Also known as: MDP
A Markov decision process (MDP) is a tuple $\langle \mathcal{S}, \mathcal{A}, P, R, \gamma \rangle$:
- $\mathcal{S}$: state space.
- $\mathcal{A}$: action space (may depend on state).
- $P(s' | s, a)$: transition probability of moving to state $s'$ from state $s$ given action $a$.
- $R(s, a)$: expected reward function. Sometimes specified as $R(s, a, s')$ depending on next state.
- $\gamma \in [0, 1]$: discount factor.
The Markov property requires that the next state and reward depend only on the current state and action, not on the history: $P(s_{t+1}, r_t | s_t, a_t, s_{t-1}, a_{t-1}, \ldots) = P(s_{t+1}, r_t | s_t, a_t)$.
A policy $\pi: \mathcal{S} \to \Delta(\mathcal{A})$ maps states to action distributions. The objective is to find $\pi$ maximising the expected discounted return
$$J(\pi) = \mathbb{E}_{\tau \sim \pi}\!\left[\sum_{t=0}^\infty \gamma^t R(s_t, a_t)\right].$$
Variants:
Partially observable MDP (POMDP): the agent does not directly observe the state, only an observation $o_t \sim O(\cdot | s_t)$. The agent must maintain a belief state, distribution over true states, which itself forms a Markov decision process over belief space.

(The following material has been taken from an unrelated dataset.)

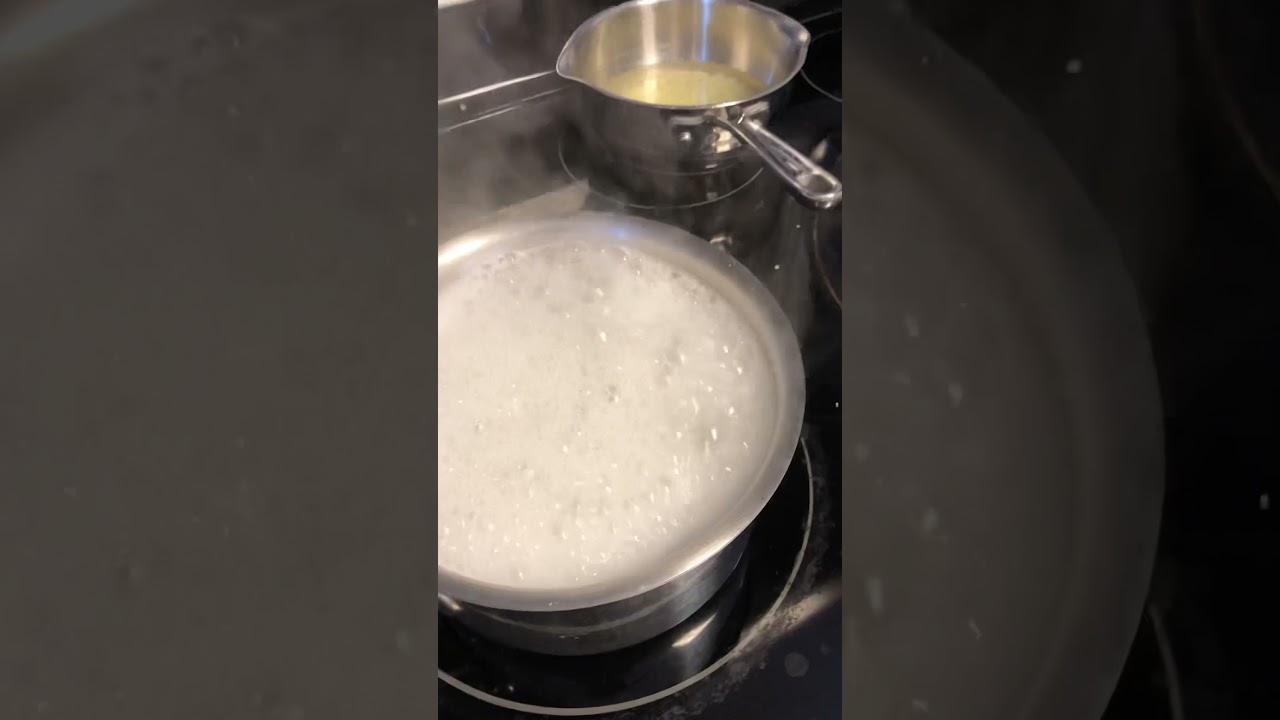 How to keep boiling water from overflowing out of the pot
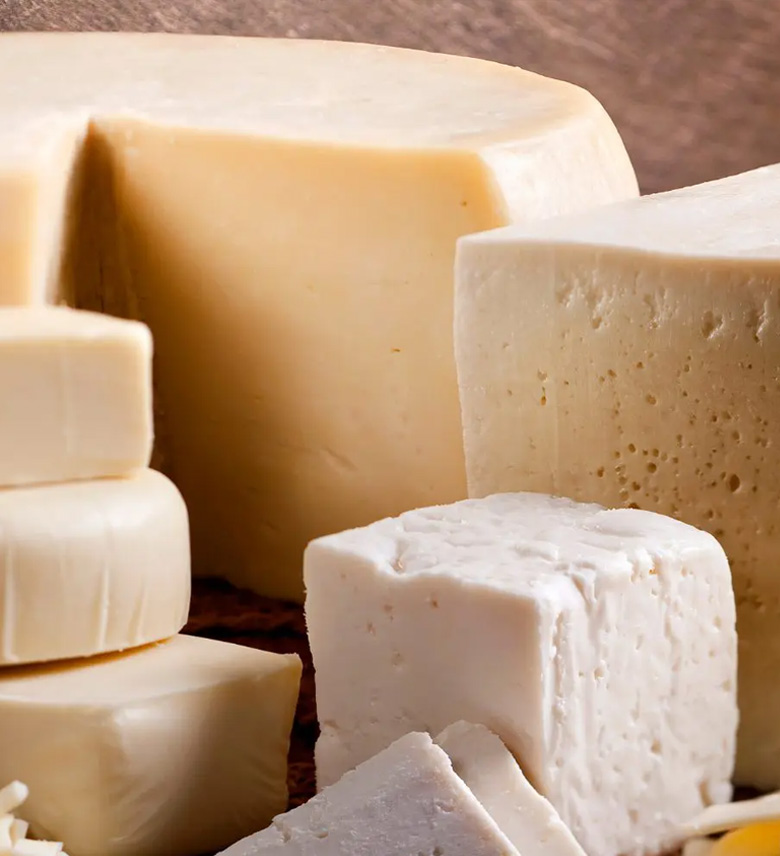 Verschiedene Käsesorten in großen Stücken mit glatter und leicht körniger Textur.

POMDPs are vastly harder than MDPs in general.
Continuous MDPs: $\mathcal{S}, \mathcal{A} \subseteq \mathbb{R}^n$. Standard for robotics and continuous control. Function approximation (neural networks) is essential for tractability.
Multi-agent MDPs: multiple agents take actions simultaneously, each potentially with its own reward. Game-theoretic equilibria (Nash, correlated, etc.) replace single-agent optimality.
Bandit problems: degenerate MDPs with one state and immediate-only rewards. Pure exploration-exploitation problems.
Solution complexity: a tabular MDP with $|\mathcal{S}| = n$ states and $|\mathcal{A}| = m$ actions can be solved by value iteration in $O(n^2 m / (1-\gamma) \log(1/\epsilon))$ time, or by linear programming in polynomial time. Continuous-state MDPs are generally PSPACE-hard. POMDPs are PSPACE-hard even for finite states.
In modern AI, the MDP framework underlies:
- Game playing (chess, Go, Atari, StarCraft).
- Robotics (manipulation, locomotion, navigation).
- Self-driving (each driving step is an MDP transition).
- Recommender systems (sequential interactions with users).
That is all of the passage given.